Activity:
What's wanted here is the full listing below, repeated exactly, with no images in it.

Collected data:
● ● ● ● ●

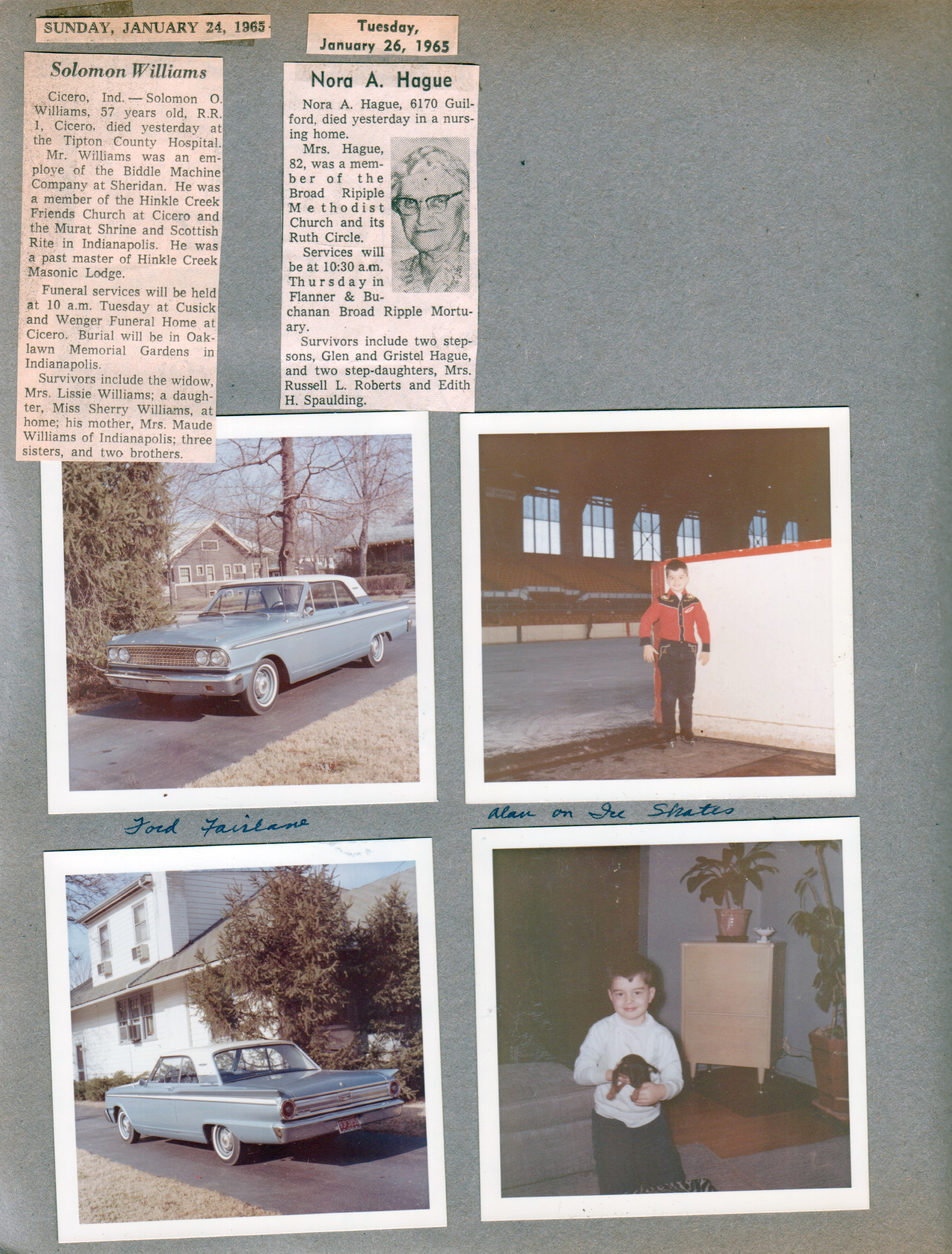 newspaper clipping - Nora Hague obit. and Solomon Williams obit (Flora's brother). 6122 driveway Ford Fairlane. Alan at coliseum skating rink. Alan 6122 living room with puppy.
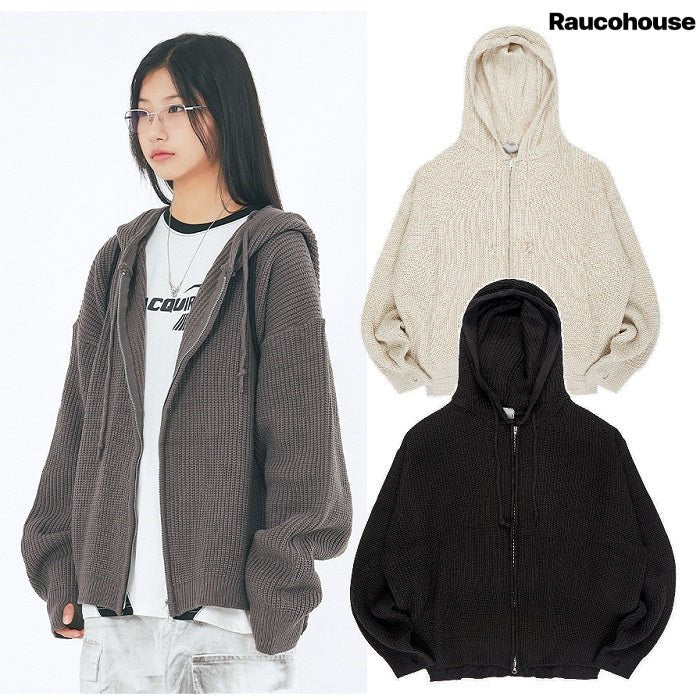 [Raucohouse] Mild sleeve warmer over knit hooded zip-up (UNISEX) 3色 - コクモト KOCUMOTO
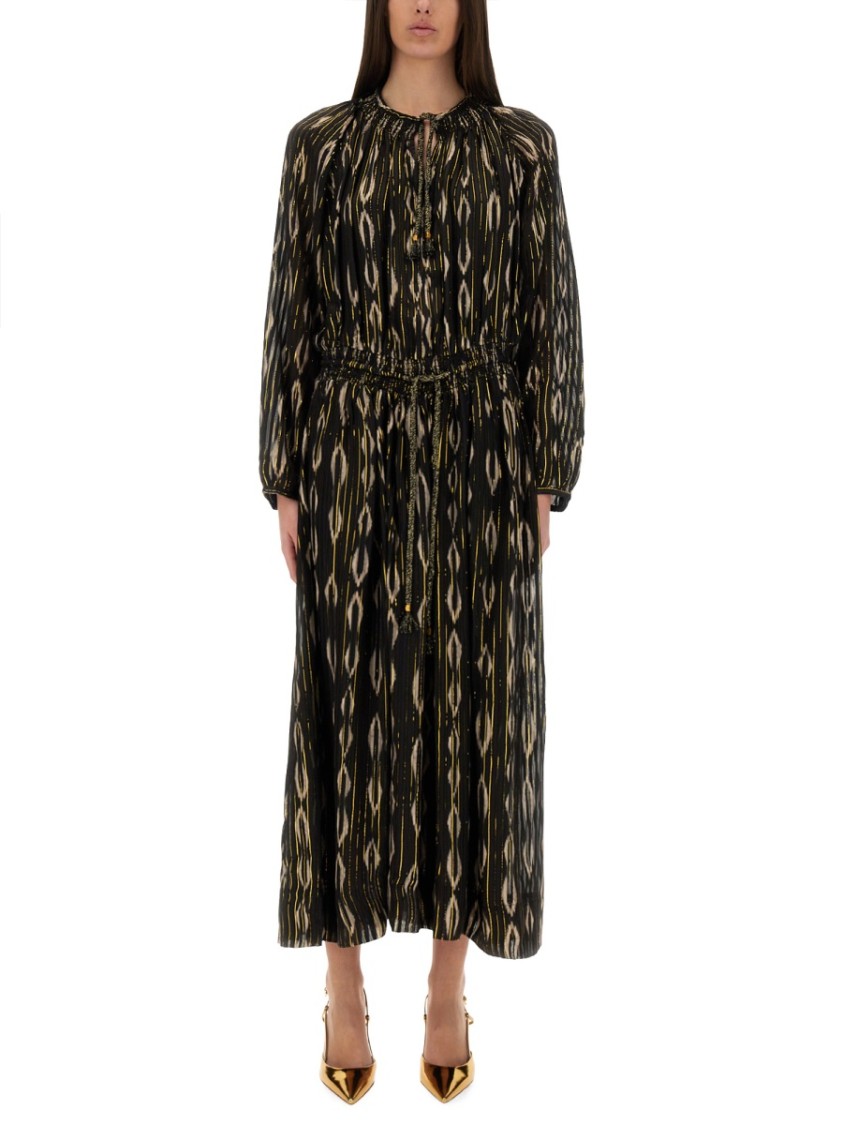 Isabel Marant ml Sana Black Dress With Golden Stripes In Black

● ● ● ● ●

Output of the exercise:
 newspaper clipping - Nora Hague obit. and Solomon Williams obit (Flora's brother). 6122 driveway Ford Fairlane. Alan at coliseum skating rink. Alan 6122 living room with puppy.
 [Raucohouse] Mild sleeve warmer over knit hooded zip-up (UNISEX) 3色 - コクモト KOCUMOTO
 Isabel Marant ml Sana Black Dress With Golden Stripes In Black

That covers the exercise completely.